━━━ MATERIAL PROVIDED

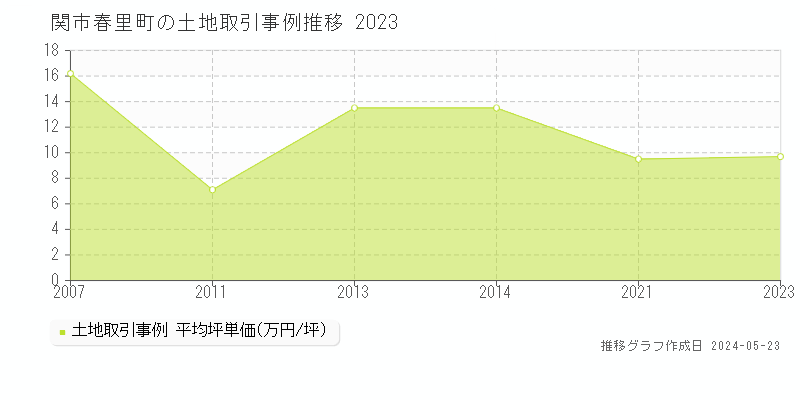 関市春里町の土地価格推移グラフ 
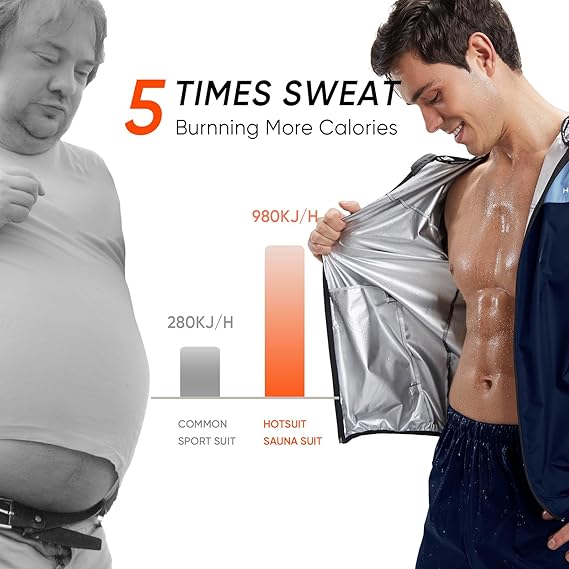 HOTSUIT Sauna Pak voor mannen Zweet Suits Gym Workout Oefening Sauna Jas Broek Full Body, Grijs, M HOTSUIT Sauna Pak voor mannen Zweet Suits Gym Workout Oefening Sauna Jas Broek Full Body, Grijs, M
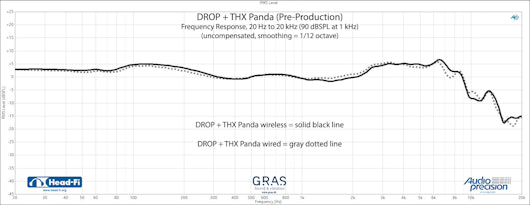 Drop + THX Panda Wireless Headphone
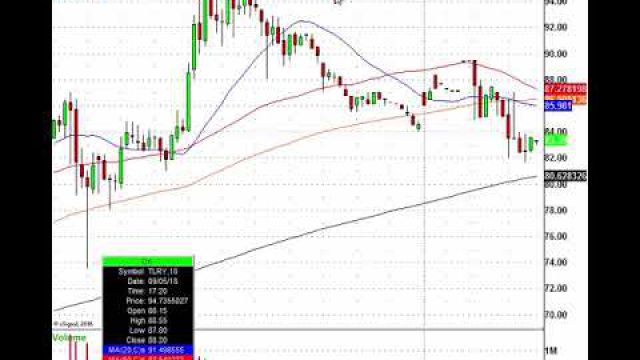 Trade, Trade, Trade: CTRP, LE, TLRY, CGC & More In Play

━━━━━━

__TASK TO CARRY OUT__:
Set down all of the data word for word; no pictures belong in it.

__SOLUTION FOR THIS EXERCISE__:
 関市春里町の土地価格推移グラフ 
 HOTSUIT Sauna Pak voor mannen Zweet Suits Gym Workout Oefening Sauna Jas Broek Full Body, Grijs, M HOTSUIT Sauna Pak voor mannen Zweet Suits Gym Workout Oefening Sauna Jas Broek Full Body, Grijs, M
 Drop + THX Panda Wireless Headphone
 Trade, Trade, Trade: CTRP, LE, TLRY, CGC & More In Play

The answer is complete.